This is the all-new Honda Jazz, which builds on the brilliant packaging of the current car, while aiming to cure its ride and refinement weaknesses.
It delivers stronger performance with improved economy and emissions from its two new engines, has more space and is even easier to use.
The 89bhp 1.2-litre petrol engine averages 55.4mpg and emits just 120g/km of CO2, while the 99bhp 1.4 is barely worse at 53.3mpg and 124g/km.
However, with the optional new semi-auto gearbox those figures improve to 54.3mpg and 120g/km. There will be no full automatic option.
The new Jazz is a fraction longer and wider than the current car, but that's enough to allow a reconfigured interior that provides considerably more space.
It also makes the ingenious double-folding rear seats easier to get up and down. You can fold the backrests down on top of the cushions or, helped by the new retractable headrests, fold the cushions up against the backrests with one hand.

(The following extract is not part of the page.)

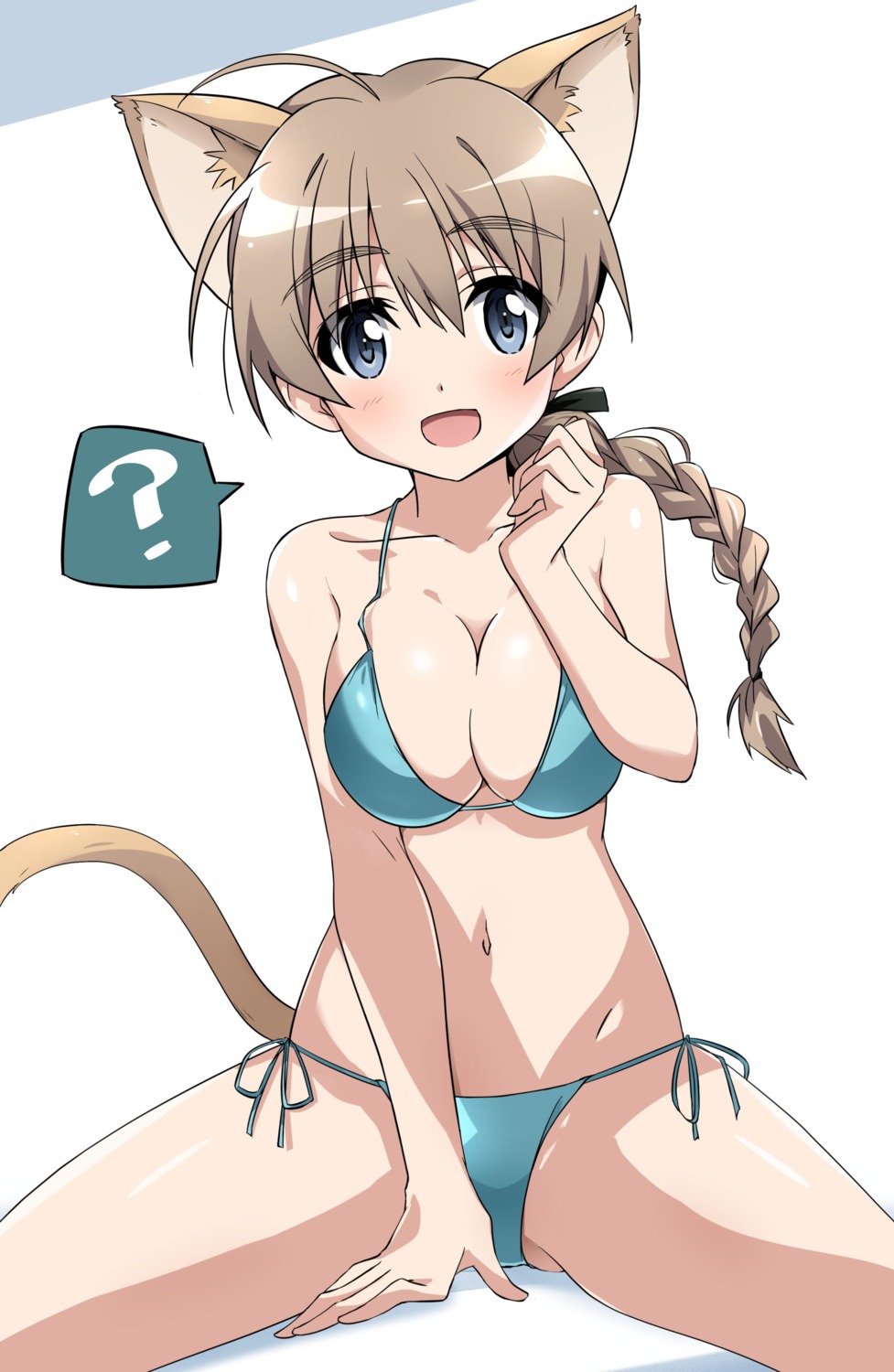 animal_ears, bikini, lynette_bishop, nekomimi, strike_witches, swimsuits, tail, tokiani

There's also a rear parcel shelf that can be stashed in one of four ways to enlarge or divide the boot, again using one-hand. Genius.
Honda is especially proud of the Jazz's telescopic steering wheel, standard stability control, doors that open in three stages for easier access and improved trim quality.
The Jazz goes on sale in October and is likely to be priced at a similar level to the current car.